Peters eschews the rancorous debates of recent years and advocates returning to Congress’ traditional “collegial debates” to forge legislation. “It’s up to us to bring a new attitude to these discussions,” Peters said. “I want to do the type of problem-solving we used in San Diego where each side lays out its views, works on solutions, and then goes out and has a friendly drink after work.”
In the first question after his talk, a member of the audience said, “Scott, err, Congressman, would you…”
Peters interrupted saying, “If the option is to call me “Congressman” or “Scott,” I prefer Scott because I have a higher approval rating than Congress.” It’s easy to see why.
Marty Judge, Rancho Bernardo
Response from a ‘sheepdog’
In response to Amy Roost’s Feb. 21 column:
There are really only three kinds of people in our society: sheep, wolves and sheepdogs. Most are sheep and are kind and gentle people who abhor violence. Then there are the wolves who would feed on the sheep without mercy…if not for the sheepdogs.
Sheep live in denial, that’s what makes them sheep but denial can be seductive and has an insidious effect.
Sheep don’t want to believe there’s evil in the world. They accept the fact that fires can happen, so they put fire extinguishers throughout their kids’ schools but these same sheep are outraged at the idea of putting an armed person in those schools.
Still, the sheepdog disturbs the sheep. He is a constant reminder that there are wolves in the land.
September 11, 2001; the wolf pounded hard on our door. Do you remember who our sheepdogs were then? The cops, the firefighters, the everyday people who, in the face of peril stepped up to help others, like the people onboard of Flight 93 who stopped the terrorists from taking even more lives. Sheepdogs, all.
Amy blames the NRA, she doesn’t want armed guards in schools, she doesn’t want paranoia, she wants a guarantee of safety. She wants/doesn’t want a whole lot, so what’s her answer?
I’m a sheepdog. My job is to protect the flock from the wolf. Amy is a sheep who writes confusing, unfounded balderdash.
Gary Vineyard, Poway
Raising the speed limit on Martincoit Road
When are rules more important than safety? A traffic survey taken at 10 a.m. does not take into account what really happens on Martincoit Road. When school is in session there is a steady stream of parents taking their children to and from Painted Rock School, residents are leaving, and service people have arrived to do work. As they speed down the steep hill they do not see residents who want to depart from hidden driveways.
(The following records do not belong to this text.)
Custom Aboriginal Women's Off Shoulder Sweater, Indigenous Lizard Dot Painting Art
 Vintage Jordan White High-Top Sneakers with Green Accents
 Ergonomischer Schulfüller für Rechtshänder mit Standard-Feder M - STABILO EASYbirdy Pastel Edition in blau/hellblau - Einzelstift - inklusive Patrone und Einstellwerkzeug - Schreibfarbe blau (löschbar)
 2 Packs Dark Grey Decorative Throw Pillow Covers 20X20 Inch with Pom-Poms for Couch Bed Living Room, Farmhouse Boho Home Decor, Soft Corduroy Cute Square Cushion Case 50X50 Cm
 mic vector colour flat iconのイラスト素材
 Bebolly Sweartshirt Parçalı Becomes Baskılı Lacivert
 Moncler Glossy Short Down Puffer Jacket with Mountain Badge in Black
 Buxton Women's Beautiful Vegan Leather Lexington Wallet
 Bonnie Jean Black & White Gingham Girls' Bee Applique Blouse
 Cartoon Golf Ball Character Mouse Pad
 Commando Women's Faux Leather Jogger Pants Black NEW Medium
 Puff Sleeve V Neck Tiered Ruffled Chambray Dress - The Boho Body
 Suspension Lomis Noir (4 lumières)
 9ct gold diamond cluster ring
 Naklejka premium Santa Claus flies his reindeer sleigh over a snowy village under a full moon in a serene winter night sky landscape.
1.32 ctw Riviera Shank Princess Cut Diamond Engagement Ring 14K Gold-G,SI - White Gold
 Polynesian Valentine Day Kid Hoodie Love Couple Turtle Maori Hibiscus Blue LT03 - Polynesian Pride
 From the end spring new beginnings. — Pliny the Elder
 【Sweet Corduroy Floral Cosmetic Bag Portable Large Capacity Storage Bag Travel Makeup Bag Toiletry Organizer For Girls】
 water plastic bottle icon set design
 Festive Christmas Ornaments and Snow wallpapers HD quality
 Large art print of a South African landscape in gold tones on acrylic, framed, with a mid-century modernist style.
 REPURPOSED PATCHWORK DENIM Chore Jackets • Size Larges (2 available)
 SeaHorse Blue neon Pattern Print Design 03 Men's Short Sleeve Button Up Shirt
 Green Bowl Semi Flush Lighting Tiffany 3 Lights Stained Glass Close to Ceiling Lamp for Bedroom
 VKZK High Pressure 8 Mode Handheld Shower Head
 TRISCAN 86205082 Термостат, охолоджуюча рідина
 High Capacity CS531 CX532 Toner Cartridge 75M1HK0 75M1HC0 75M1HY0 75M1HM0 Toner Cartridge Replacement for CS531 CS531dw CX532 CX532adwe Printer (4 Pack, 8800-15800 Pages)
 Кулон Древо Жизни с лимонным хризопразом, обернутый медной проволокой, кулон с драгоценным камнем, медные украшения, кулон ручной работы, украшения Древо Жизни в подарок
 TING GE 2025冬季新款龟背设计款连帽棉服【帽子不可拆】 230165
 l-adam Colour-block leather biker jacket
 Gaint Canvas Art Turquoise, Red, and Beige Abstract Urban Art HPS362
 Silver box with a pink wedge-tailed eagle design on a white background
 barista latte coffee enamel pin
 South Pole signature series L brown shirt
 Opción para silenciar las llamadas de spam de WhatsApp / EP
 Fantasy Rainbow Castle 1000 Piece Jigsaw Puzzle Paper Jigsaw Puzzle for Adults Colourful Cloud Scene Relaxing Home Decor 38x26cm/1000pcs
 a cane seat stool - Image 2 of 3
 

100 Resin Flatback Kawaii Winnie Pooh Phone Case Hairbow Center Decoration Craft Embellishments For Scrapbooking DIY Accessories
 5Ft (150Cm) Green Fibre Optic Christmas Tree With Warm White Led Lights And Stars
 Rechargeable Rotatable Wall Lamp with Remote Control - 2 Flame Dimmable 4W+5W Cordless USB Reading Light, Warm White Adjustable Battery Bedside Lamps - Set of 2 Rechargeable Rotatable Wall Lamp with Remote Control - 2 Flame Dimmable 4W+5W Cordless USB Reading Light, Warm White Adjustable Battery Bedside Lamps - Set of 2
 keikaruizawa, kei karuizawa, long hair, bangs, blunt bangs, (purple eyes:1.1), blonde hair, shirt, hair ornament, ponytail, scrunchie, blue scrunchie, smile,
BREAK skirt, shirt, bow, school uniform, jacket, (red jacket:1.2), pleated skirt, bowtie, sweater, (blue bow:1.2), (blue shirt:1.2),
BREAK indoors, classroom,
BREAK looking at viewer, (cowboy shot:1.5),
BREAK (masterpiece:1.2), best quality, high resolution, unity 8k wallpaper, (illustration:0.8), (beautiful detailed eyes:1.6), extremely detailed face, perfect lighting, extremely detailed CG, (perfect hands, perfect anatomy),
At the Feb. 20 Traffic Safety Committee meeting we attended, we learned that raising the speed limit to 35 mph would allow officers to issue tickets to speeders. Why is that not possible when the limit is 30 mph?
At Rostrata and Martincoit there is a four-way stop and a flashing yellow light.
At Martincoit and Stone Canyon, a heavily traveled intersection, there is nothing but a stop for those leaving Stone Canyon.
Do we have to wait for a tragic accident as did Valle Verde?